**TASK GOAL:** Print all the records below exactly as they stand, but leave out the pictures.

.....

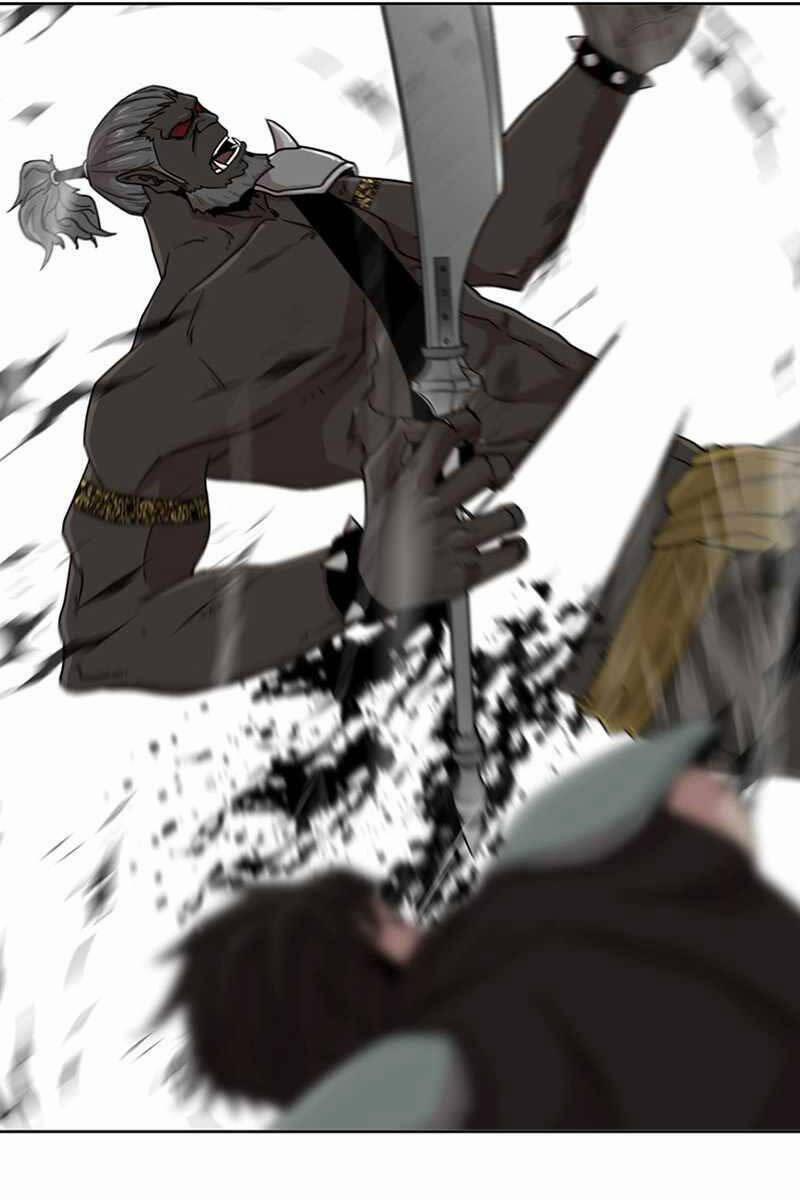 Lãng Khách Một Mình 10 trang 51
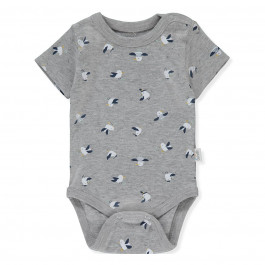 Боди Bebetto Sea Gull Party, р. 80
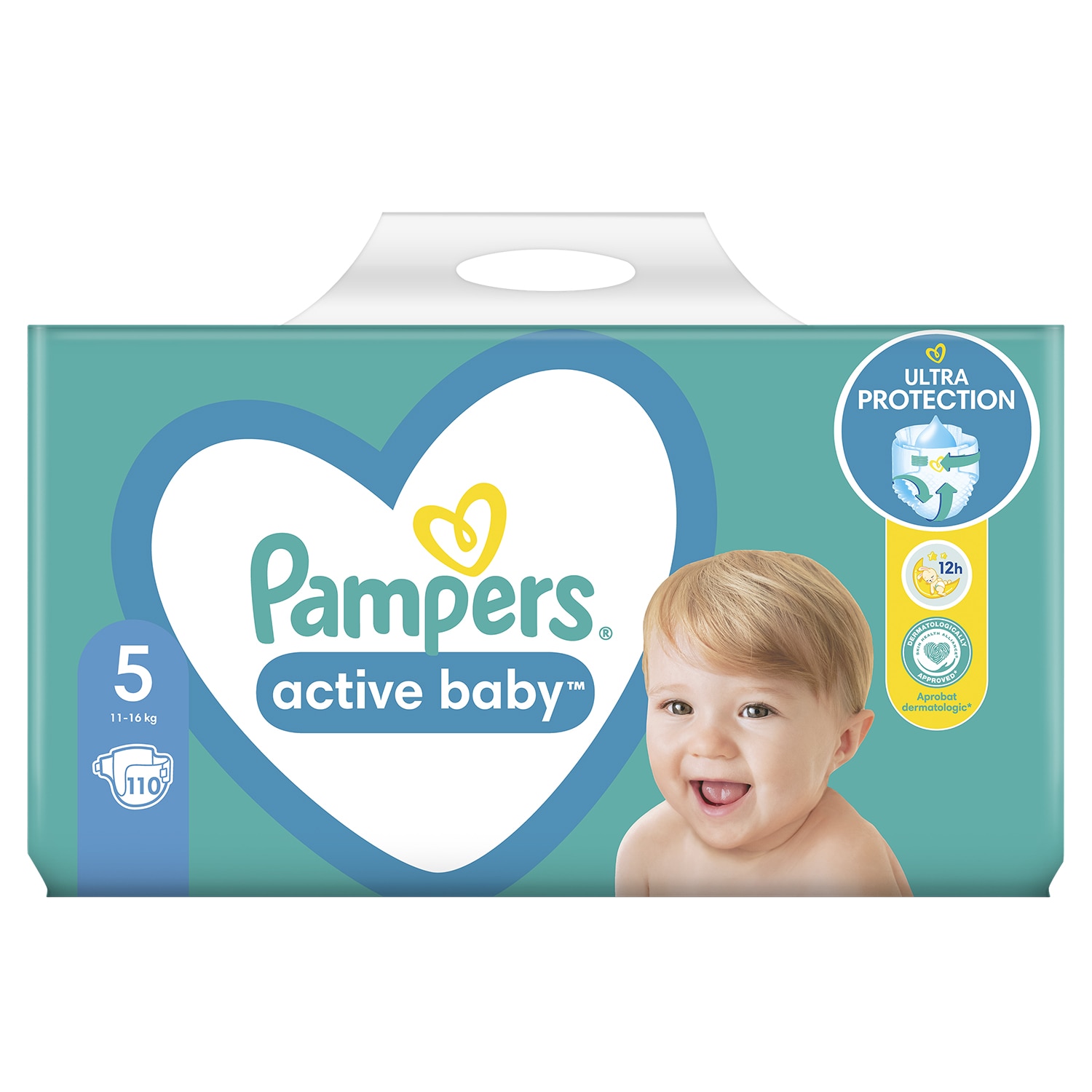 pampers na basen do kapieli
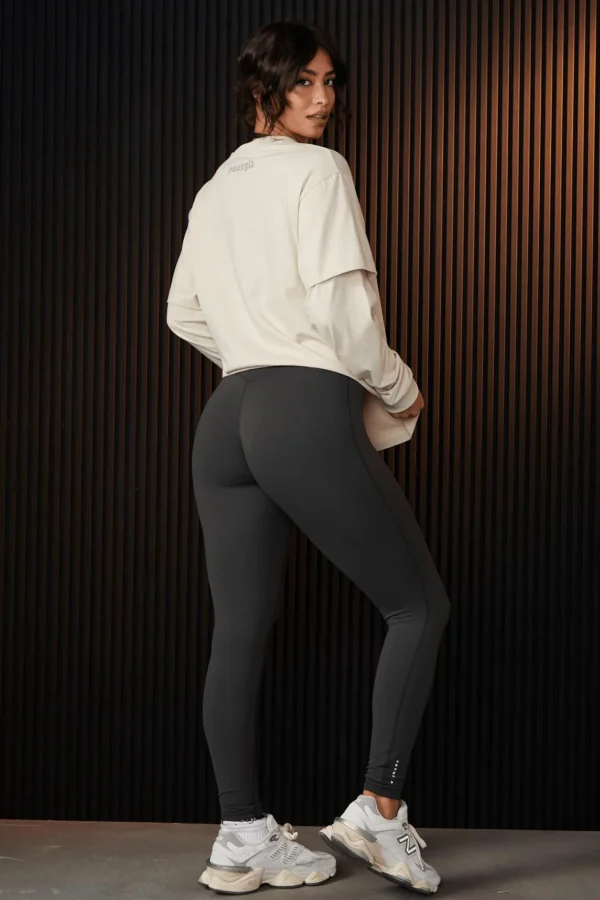 wurban_leggings_5.webp Youngla Leggings<W235-Urban Leggings
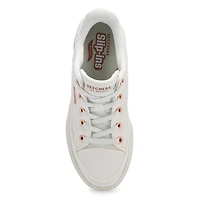 Baskets en toile enfiler ARCH FIT ARCADE SEE YA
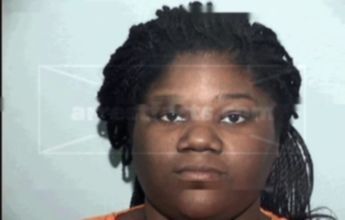 Ahjanay Stevenson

.....

**WRITTEN SOLUTION:**
 Lãng Khách Một Mình 10 trang 51
 Боди Bebetto Sea Gull Party, р. 80
 pampers na basen do kapieli
 wurban_leggings_5.webp Youngla Leggings<W235-Urban Leggings
 Baskets en toile enfiler ARCH FIT ARCADE SEE YA
 Ahjanay Stevenson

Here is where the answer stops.